ABSTRACT
Introduction
Rheumatoid arthritis (RA) is a chronic inflammatory rheumatic disease that affects both the articular and extra-articular structures, leading to significant joint damage, disability and excess mortality. The treatment algorithm of RA has changed tremendously in the past 1–2 decades because of the emergence of novel biological therapies that target different mechanisms of action in addition to TNFα.
Areas covered
This article summarizes the evidence and safety of the non-TNF biological DMARDs in the treatment of RA, including those that target B cells, T-cell co-stimulation, interleukin (IL)-6 and granulocyte-monocyte colony-stimulating factor (GM-CSF). The targeted synthetic DMARDs such as the Janus kinase inhibitors are not included. The availability of the less costly biosimilars has enabled more patients to receive biological therapy earlier in the course of the disease. The evidence for the non-TNF biosimilar compounds in RA is also reviewed.
Expert opinion
There are unmet needs of developing novel therapeutic agents to enhance the response rate and provide more options for difficult-to-treat RA. These include the newer generation biologic and targeted synthetic DMARDs. A personalized treatment strategy in RA requires evaluation of the cellular, cytokine, genomic and transcriptomic profile that would predict treatment response to biologic or targeted DMARDs of different mechanisms of action.
Article highlights
A number of non-TNF biological agents that target the B cells, T-cell co-stimulation, IL-6 and GM-CSF have been developed for the treatment of RA. These compounds provide important options for difficult-to-treat RA.

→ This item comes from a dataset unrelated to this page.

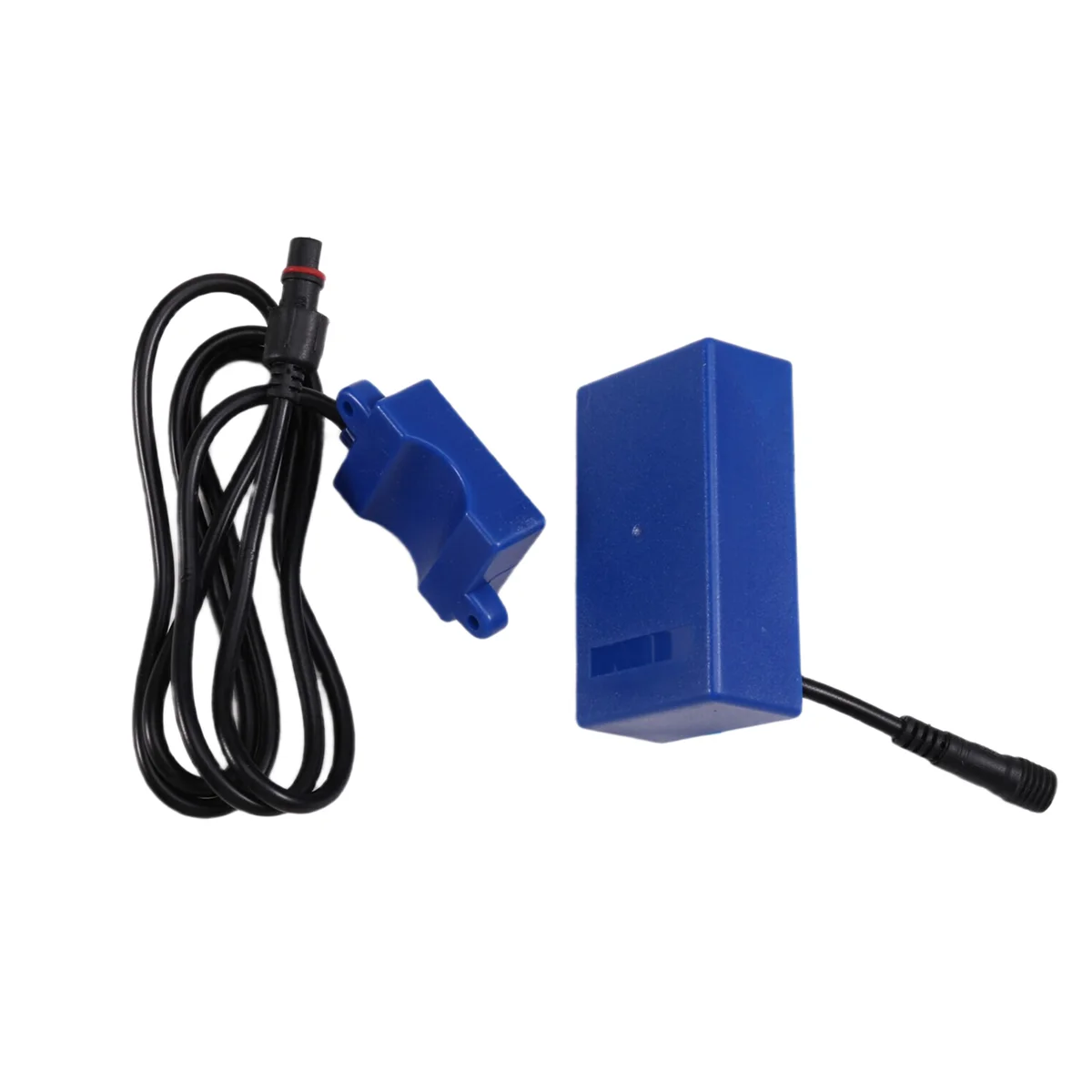 دراجة نارية رقمية قابلة للتعديل Cdi-إشعال 5 دبوس التيار المتناوب سباق رقمي قابل للتعديل صندوق Cdi لـ Rock Roll Super100 Shineray Dream Biz1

Early treatment with the treat-to-target (T2T) principle is an important strategy for RA independent of the use of the novel b/tsDMARDs.

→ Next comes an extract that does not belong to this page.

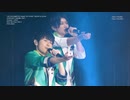 【SideMライブ】THE IDOLM@STER SideM 7th STAGE ～GROW & GLOW～ STARLIGHT SIGN@L DAY1 ダイジェスト【アイドルマスター】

A personalized treatment strategy in RA requires evaluation of the cellular, cytokine, genomic and transcriptomic profile that would predict treatment response to biologic or targeted DMARDs of different mechanisms of action.

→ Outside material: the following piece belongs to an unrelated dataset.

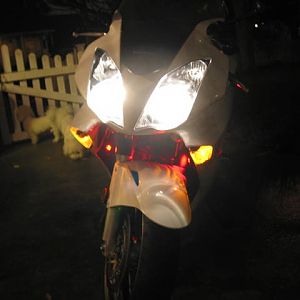 C:\\Documents and Settings\\Daniel\\Desktop\\bikepics\\Picture 039.jpg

The availability of the less costly biosimilar compounds (bsDMARDs) may enable more RA patients to receive biological treatment earlier in the course of disease. This will ultimately help to improve the prognosis of the disease.
Declaration of interest
The authors have no relevant affiliations or financial involvement with any organization or entity with a financial interest in or financial conflict with the subject matter or materials discussed in the manuscript. This includes employment, consultancies, honoraria, stock ownership or options, expert testimony, grants or patents received or pending, or royalties.
Reviewer disclosures
A reviewer on this manuscript has disclosed research support (paid to their institution) from Biogen and Galapagos NV; consultancy for Alvotech Swiss AG, Boehringer Ingelheim GmbH, Biohaven Pharmaceuticals, Inc., Bristol Myers Squibb Co., Fresenius Kabi, Novartis Pharmaceuticals Corp., Pfizer Inc., Samsung Bioepis, Teijin Pharma Ltd., Viatris Inc., UCB Inc. and Yuhan Corp.; independent data monitoring committee member for Inmagene LLC (relationship ended) and Kolon TissueGene, Inc.; and royalties from Wolters Kluwer NV (for UpToDate). Peer reviewers on this manuscript have no other relevant financial relationships or otherwise to disclose.